The challenge of the story is that when we have experienced being forgiven then it should change how we forgive others. Given so great a second chance, the first slave gives nothing to the second slave who owes him comparably little. This is what upsets the community around the two slaves and what the King punishes him for. The message for us and the hearers of this story is that if forgiveness hasn’t changed you, you don’t understand it yet.
Now I want to address the last two verses of our reading, “And in anger his lord handed him over to be tortured until he would pay his entire debt. So my heavenly Father will also do to every one of you, if you do not forgive your brother or sister from your heart” (verse 34-35).
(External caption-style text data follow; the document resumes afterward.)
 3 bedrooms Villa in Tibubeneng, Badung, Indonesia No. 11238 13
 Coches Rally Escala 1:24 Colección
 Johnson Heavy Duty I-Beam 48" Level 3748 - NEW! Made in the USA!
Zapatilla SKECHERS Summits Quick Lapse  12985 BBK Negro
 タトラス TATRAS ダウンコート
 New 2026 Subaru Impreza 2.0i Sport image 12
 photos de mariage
Although these last verses are harsh, we need to look at them as a way for Jesus to drive his point home; that the community that we are called into when we follow him is to work like a family and that the forgiveness we are called to give and receive from one another, as brothers and sisters, is to be forgiveness that comes from the heart. It does not keep score and it should be given as many times as necessary.
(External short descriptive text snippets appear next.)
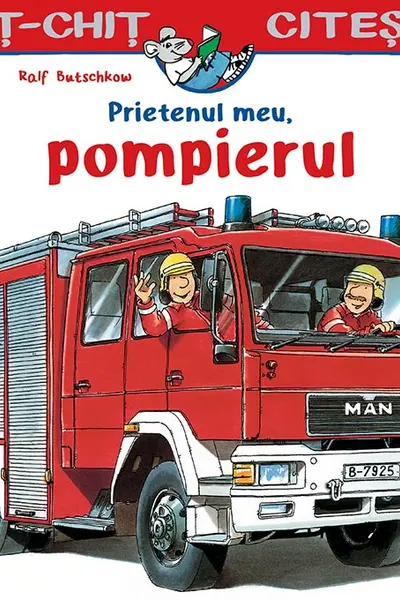 Prietenul meu, pompierul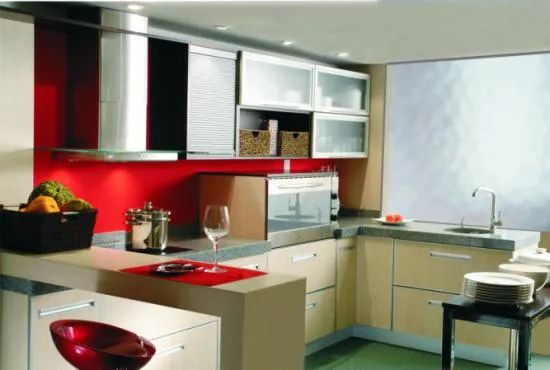 Muebles de melamina para tu cocina | Cocina - Decora Ilumina Muebles de melamina para tu cocina | Cocina - Decora Ilumina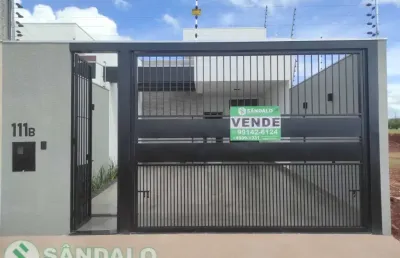 Casa com 3 quartos à venda por r$ 550000.00, 180.00 m2 - parque da gavea - sarandi/pr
The Good News that God is offering to us through Christ, which we each received in our baptism is that God has forgiven us all our sins and will continue to do so. How great a gift is that. And how humanly impossible that would be for us to ever repay, with even three thousand lifetimes to do it in. So our reading holds up to us a mirror for us to look at the sins that we hold against our neighbour and shows us that they are nothing compared to the sins God would have to hold up against us, if not for his forgiveness in Christ.
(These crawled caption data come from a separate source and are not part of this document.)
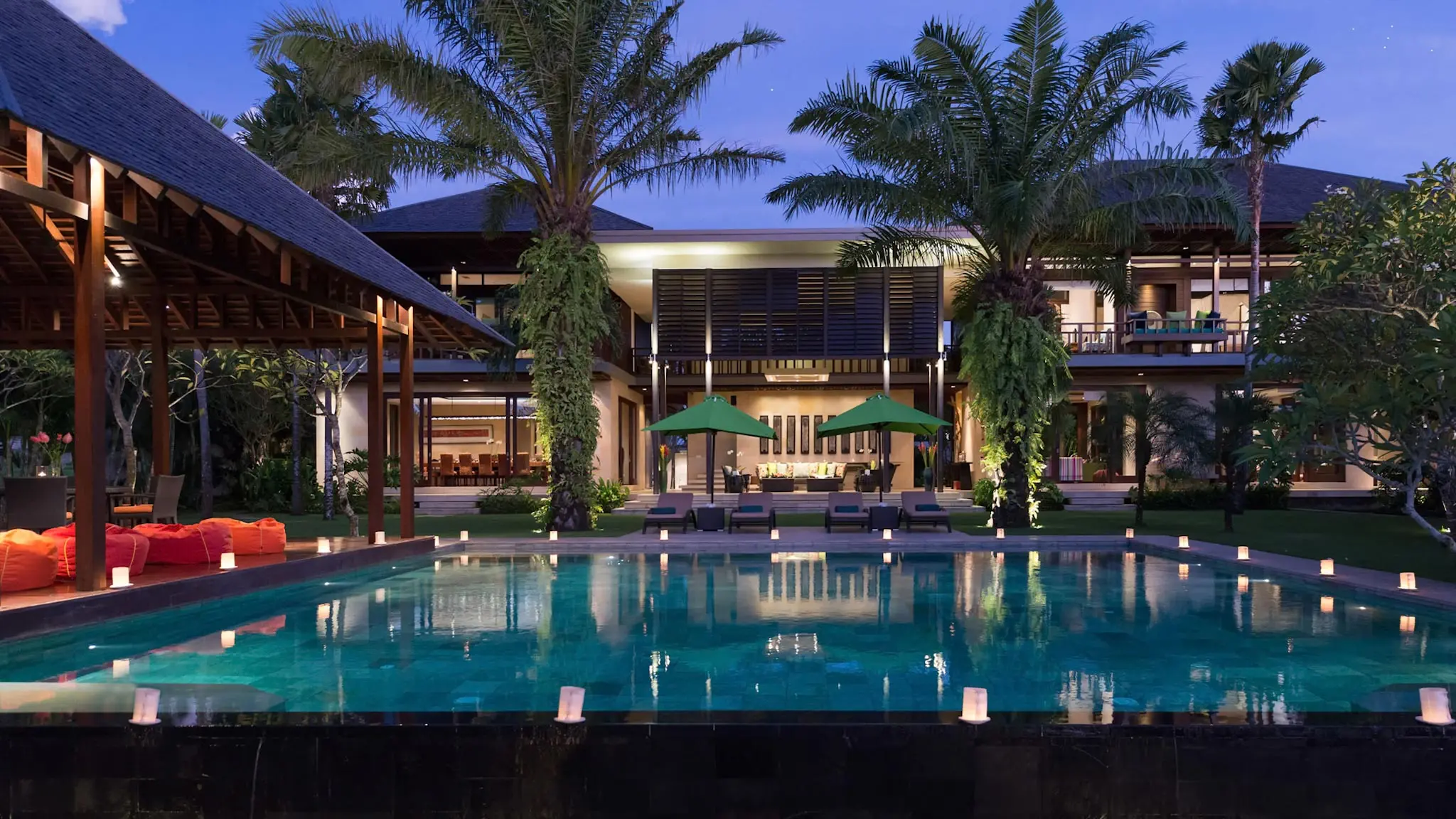 Bendega Nui Villa Wedding Package Amora Bali Weddings
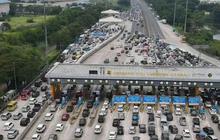 686 Ribu Kendaraan Tinggalkan Jabodetabek pada H-4 Natal, Paling Banyak Lewat Tol Trans Jawa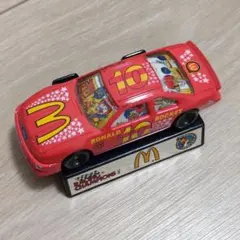 マクドナルド　ミニカー　ダイキャストカー 、RONALD ROCKET10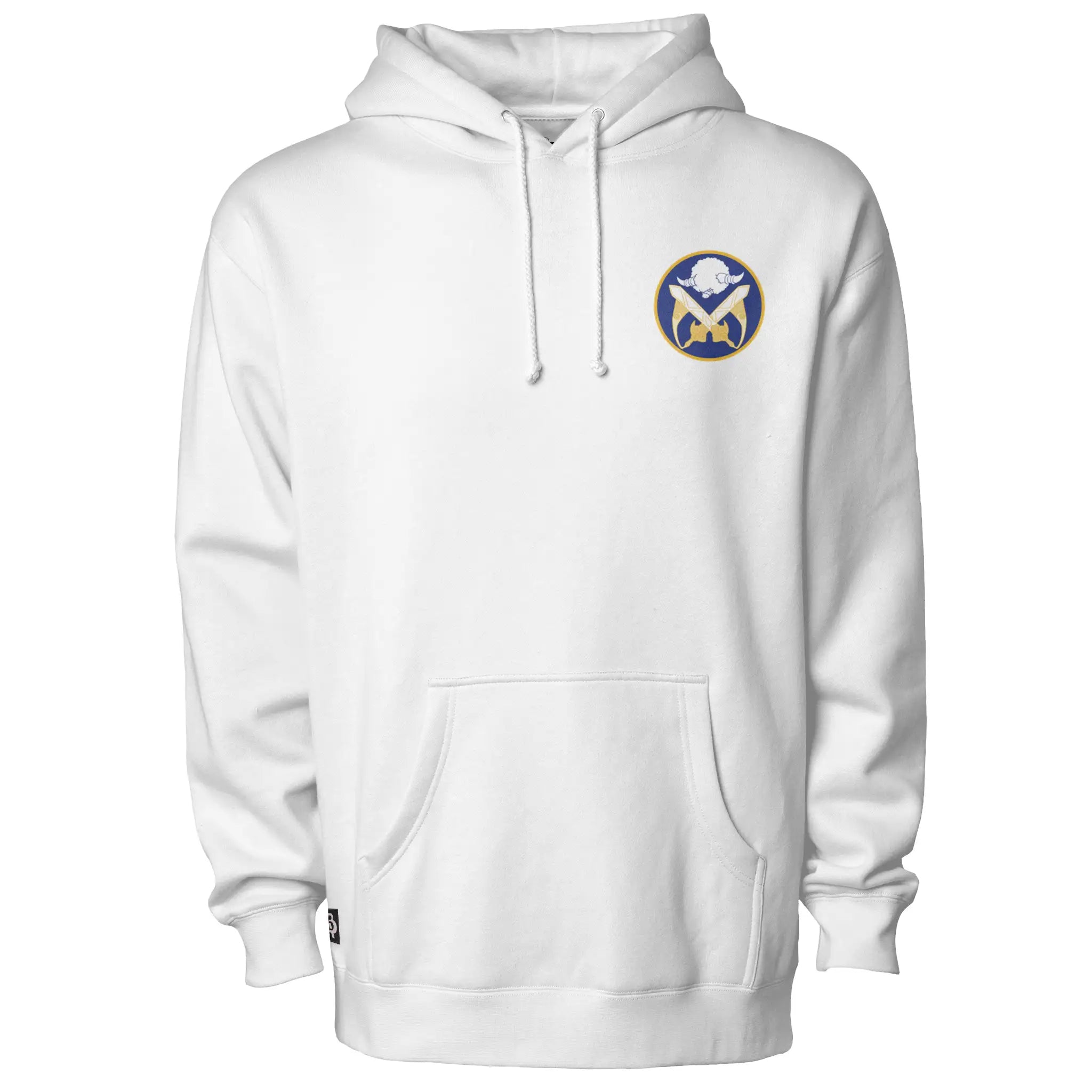 Great Lakes Thrashers Embroidered Hoodie - Adult Unisex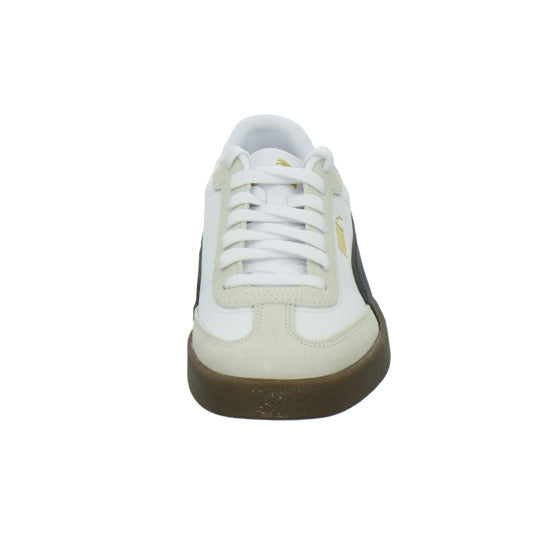 PUMA Club II Turnschuhe Weiß-kombi - 360° Ansicht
Our world is not a forgiving community
Finally, on this particular Sunday, I must recognize that this is the tenth anniversary of the attacks of September 11, 2001. And with all this talk about forgiveness, you might wonder how this all fits together. Well, in our passage today Jesus is not addressing the sorts of events that happened leading up to the attacks of September 11, 2001, nor the many of the events that have preceded it on the world stage. As I made clear last week, Jesus is addressing a small community of people following him, whom he was shaping and guiding to be a community living the New Covenant. Our world is not a forgiving community. 9/11 is a great example of this. The events and actions that lead up to it are not about forgiveness. And too many of the actions taken after are not about forgiveness. Mainly, they are about anger, fear, power, and greed. If anything, reflecting on what happen ten years ago and on what has happened since, should fill us with a sense of the importance of bring the message of Christ to our world, which needs it so badly. Only forgiveness can stop the fear and end the anger that trading blows has started.
Our church is called to be a forgiving community
Our church is called to be a forgiving community. Forgiveness changes us and in turn changes the community. It starts with us. It starts with you, with your family, and with your christian family of brothers and sisters. That’s why Jesus is so strong in his warning to forgive each other with our hearts. If we do not start right here and right now, then we can not and will not move forward. Truly receiving God’s forgiveness we become more forgiving, this grows and strengthens our church family, which in turn grows even more forgiveness in the world around us. The more we grow introducing others to this kind of community of forgiveness, then more forgiving the world will become. And the closer and closer we come to seeing God’s will be done here on earth. My you experience forgiveness today, and may you, touched by that forgiveness in turn be ready to offer and reflect that forgiveness to others. In Christ Name. Amen.